- _Task to carry out_:
All lines holding the word "Product" are to be copied from the records beneath.
[Start of Attachment]
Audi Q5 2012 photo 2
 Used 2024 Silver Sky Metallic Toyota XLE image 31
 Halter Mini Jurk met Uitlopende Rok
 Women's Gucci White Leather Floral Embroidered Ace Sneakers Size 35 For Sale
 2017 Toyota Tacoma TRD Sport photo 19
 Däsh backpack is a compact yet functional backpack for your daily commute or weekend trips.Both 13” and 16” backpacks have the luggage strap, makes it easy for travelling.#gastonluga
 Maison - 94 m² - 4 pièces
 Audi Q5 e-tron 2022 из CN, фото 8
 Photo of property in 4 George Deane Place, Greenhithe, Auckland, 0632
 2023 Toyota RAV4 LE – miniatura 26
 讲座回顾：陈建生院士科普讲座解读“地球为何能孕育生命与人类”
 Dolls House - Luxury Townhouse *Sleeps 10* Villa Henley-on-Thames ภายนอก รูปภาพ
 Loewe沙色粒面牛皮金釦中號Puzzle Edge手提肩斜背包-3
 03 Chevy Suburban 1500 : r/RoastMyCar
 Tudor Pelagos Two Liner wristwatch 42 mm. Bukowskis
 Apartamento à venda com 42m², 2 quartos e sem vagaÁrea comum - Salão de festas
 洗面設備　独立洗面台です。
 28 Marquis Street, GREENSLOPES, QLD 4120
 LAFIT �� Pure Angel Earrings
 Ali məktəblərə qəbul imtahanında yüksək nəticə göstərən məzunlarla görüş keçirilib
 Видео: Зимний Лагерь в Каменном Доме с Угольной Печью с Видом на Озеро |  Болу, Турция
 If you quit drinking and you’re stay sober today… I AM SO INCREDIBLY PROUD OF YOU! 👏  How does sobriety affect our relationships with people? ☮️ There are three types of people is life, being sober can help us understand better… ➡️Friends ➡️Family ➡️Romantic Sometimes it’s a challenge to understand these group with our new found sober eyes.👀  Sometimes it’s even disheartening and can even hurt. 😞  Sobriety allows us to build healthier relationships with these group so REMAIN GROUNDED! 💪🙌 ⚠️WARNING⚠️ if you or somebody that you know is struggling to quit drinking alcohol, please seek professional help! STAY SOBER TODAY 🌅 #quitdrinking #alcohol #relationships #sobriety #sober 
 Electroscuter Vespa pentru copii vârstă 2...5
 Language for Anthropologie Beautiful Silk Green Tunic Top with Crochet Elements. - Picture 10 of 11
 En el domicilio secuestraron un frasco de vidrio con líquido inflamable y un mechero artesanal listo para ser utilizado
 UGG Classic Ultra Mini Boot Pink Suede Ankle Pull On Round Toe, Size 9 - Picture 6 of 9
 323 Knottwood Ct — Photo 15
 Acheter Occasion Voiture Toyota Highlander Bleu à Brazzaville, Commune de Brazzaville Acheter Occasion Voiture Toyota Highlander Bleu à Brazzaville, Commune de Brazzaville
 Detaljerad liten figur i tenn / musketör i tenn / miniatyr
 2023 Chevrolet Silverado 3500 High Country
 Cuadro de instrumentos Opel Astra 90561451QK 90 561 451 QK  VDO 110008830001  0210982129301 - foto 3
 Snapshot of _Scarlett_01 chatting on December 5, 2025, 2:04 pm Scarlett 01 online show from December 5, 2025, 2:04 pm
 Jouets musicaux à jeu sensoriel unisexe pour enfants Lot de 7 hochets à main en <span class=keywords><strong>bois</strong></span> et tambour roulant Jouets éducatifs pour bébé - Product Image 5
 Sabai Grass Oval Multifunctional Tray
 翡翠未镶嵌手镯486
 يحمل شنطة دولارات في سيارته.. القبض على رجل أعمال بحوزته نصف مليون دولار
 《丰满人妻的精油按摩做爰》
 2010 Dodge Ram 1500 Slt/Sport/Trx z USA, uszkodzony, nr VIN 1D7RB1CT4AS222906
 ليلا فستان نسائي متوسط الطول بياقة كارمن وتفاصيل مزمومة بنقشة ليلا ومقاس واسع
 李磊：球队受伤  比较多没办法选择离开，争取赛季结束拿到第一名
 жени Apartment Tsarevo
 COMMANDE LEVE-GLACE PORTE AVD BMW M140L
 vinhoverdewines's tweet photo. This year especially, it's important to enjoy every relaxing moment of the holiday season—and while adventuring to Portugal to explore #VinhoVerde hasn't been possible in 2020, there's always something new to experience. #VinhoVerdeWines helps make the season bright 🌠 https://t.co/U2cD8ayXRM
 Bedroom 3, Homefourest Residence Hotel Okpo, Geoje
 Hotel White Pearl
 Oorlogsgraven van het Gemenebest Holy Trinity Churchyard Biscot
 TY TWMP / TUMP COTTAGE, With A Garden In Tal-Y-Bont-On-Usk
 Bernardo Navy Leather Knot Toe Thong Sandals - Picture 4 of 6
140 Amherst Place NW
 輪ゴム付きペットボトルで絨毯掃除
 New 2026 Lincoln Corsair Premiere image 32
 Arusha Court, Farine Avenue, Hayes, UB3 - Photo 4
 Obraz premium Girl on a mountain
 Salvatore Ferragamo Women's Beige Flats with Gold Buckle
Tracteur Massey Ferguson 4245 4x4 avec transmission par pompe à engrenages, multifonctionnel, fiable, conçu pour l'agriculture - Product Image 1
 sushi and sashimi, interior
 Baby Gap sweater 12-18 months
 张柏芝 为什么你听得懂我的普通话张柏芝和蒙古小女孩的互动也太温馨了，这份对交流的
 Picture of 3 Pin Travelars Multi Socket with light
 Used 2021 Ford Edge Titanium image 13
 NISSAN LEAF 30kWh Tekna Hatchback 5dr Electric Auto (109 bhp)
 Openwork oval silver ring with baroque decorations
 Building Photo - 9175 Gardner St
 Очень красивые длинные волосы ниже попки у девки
[End of Attachment]
- _Result of the task_:
 Jouets musicaux à jeu sensoriel unisexe pour enfants Lot de 7 hochets à main en <span class=keywords><strong>bois</strong></span> et tambour roulant Jouets éducatifs pour bébé - Product Image 5
Tracteur Massey Ferguson 4245 4x4 avec transmission par pompe à engrenages, multifonctionnel, fiable, conçu pour l'agriculture - Product Image 1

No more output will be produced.